- [What you need to do]: Take the entries below and reproduce exactly the portion that begins at the line containing "PARKER N200B NEEDLE" and ends at the line containing "2010 Lexus Is", keeping both ends, dropping pictures, and adding nothing else.

Segment Start: The input

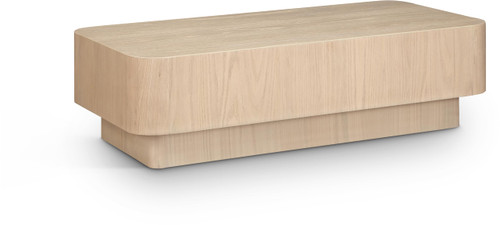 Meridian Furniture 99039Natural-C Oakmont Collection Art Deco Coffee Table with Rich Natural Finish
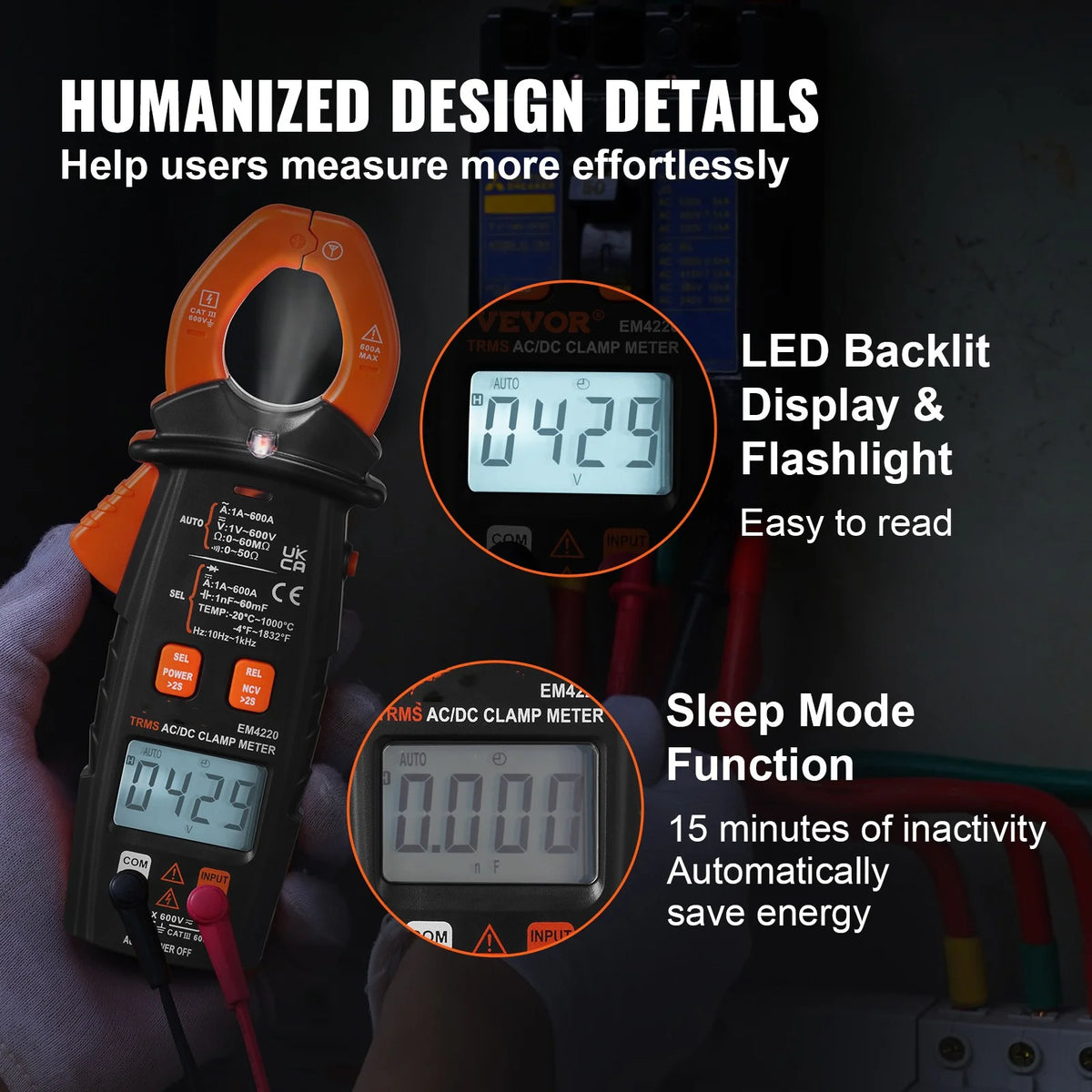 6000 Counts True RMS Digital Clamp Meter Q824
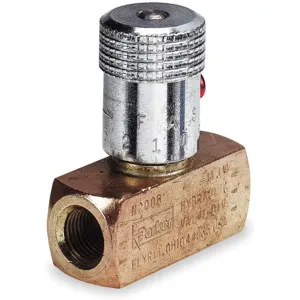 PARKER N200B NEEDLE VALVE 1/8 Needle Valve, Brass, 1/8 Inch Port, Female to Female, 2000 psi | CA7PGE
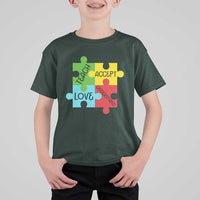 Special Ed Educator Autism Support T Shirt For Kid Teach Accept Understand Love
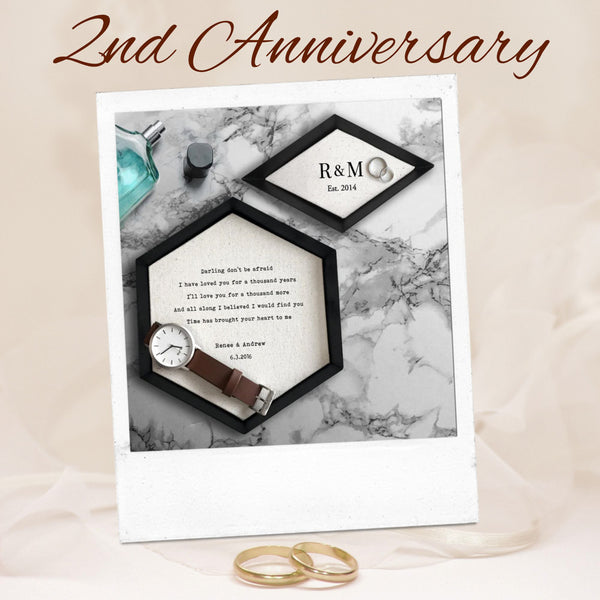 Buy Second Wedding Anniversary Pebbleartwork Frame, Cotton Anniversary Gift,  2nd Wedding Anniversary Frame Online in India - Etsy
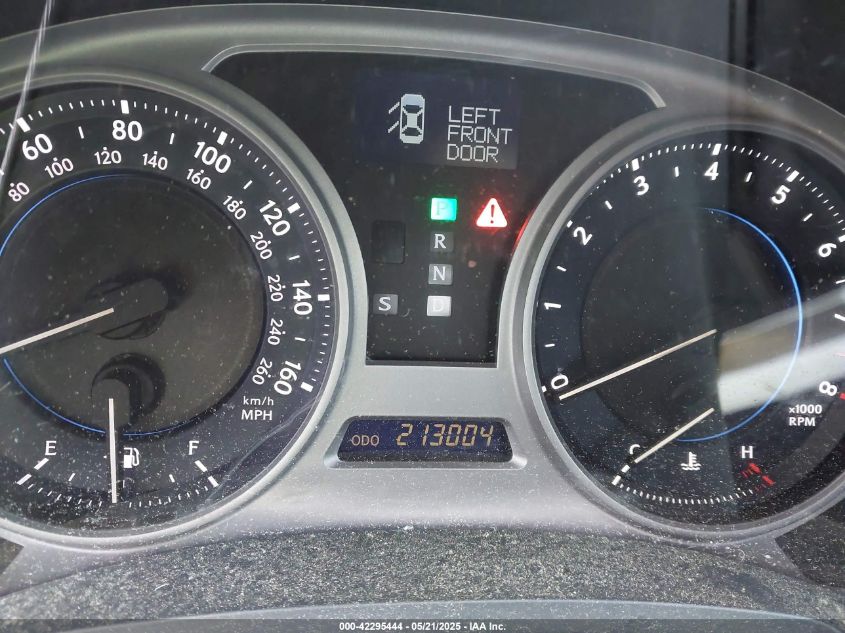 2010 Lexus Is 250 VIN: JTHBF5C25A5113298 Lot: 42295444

Segment End: The input
Segment Start: The input

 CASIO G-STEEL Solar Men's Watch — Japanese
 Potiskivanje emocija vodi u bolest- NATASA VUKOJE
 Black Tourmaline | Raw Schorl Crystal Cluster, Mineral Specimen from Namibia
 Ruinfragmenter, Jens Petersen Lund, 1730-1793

Segment End: The input
Segment Start: The input

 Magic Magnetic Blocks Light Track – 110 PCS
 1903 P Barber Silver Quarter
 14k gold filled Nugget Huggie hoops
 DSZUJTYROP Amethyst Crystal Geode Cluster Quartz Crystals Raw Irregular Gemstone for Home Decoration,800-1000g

Segment End: The input

- [Exercise response]:
 PARKER N200B NEEDLE VALVE 1/8 Needle Valve, Brass, 1/8 Inch Port, Female to Female, 2000 psi | CA7PGE
 Special Ed Educator Autism Support T Shirt For Kid Teach Accept Understand Love
 Buy Second Wedding Anniversary Pebbleartwork Frame, Cotton Anniversary Gift,  2nd Wedding Anniversary Frame Online in India - Etsy
 2010 Lexus Is 250 VIN: JTHBF5C25A5113298 Lot: 42295444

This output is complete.